Elle développe une plateforme numérique qui utilise les données pour révolutionner la gestion et le recyclage des déchets textiles afin de réduire la dépendance et la consommation de matériaux vierges.
Le programme aide également les tanneries - où les peaux d'animaux sont traitées - à adopter une production plus propre et des alternatives circulaires efficaces pour réduire la charge polluante dans les eaux usées.
Parallèlement, un système de traçabilité électronique est testé au Pakistan et au Bangladesh afin d'améliorer la transparence tout au long de la chaîne d'approvisionnement du cuir et de garantir le respect des normes mondiales visant à atténuer la pollution de l'eau par l'industrie.
« Le programme SMEP intègre une production plus propre et des processus économes en eau pour répondre à l'évolution des normes commerciales et environnementales, en visant un accès compétitif au marché et en veillant à ce que la croissance tirée par le commerce s'aligne sur les priorités mondiales en matière de durabilité dans les régions où la sécurité de l'eau est menacée », explique Henrique Pacini, économiste à l'ONU commerce et développement, qui dirige le programme SMEP.
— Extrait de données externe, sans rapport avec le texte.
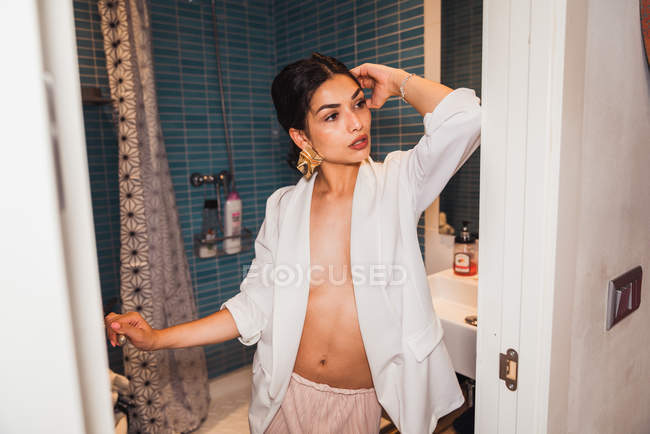 Оголена брюнетка в білій елегантній куртці, що стоїть у ванній — стокове фото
Il est temps de redéfinir la durabilité dans un monde où l'eau est rare
L'expérience du Pakistan reflète des défis plus larges dans les secteurs économiques à forte consommation d'eau en Afrique subsaharienne et en Asie du Sud, où le stress hydrique est élevé et où des solutions durables sont demandées.
Si le renforcement des normes de durabilité peut créer des opportunités de marché, les coûts de mise en conformité, les lacunes en matière de surveillance et les obstacles financiers pourraient limiter l'adoption généralisée d'une production plus propre, en particulier pour les producteurs des pays en développement.
À cet égard, le renforcement de politiques ciblées, des incitants fiscaux et des projets pilotes sont essentiels pour garantir une croissance durable tirée par le commerce.
Par exemple, des outils politiques tels que la responsabilité élargie des producteurs (REP) pourraient transférer la gestion des déchets aux producteurs, tandis que des incitations fiscales et des projets pilotes cofinancés pourraient contribuer à réduire les obstacles financiers à la production durable.
Des normes volontaires de durabilité ou des programmes menés par l'industrie, tels que l'autocontrôle et l'établissement de rapports ou la norme sur les systèmes de gestion de l'environnement (ISO 14001), peuvent également guider l'action.
La manière dont les marchés mondiaux soutiendront ces efforts restera cruciale pour accélérer les progrès vers la réalisation des objectifs de développement durable.
La voie à suivre est déterminante pour l'avenir de la durabilité dans un monde où chaque goutte d'eau compte.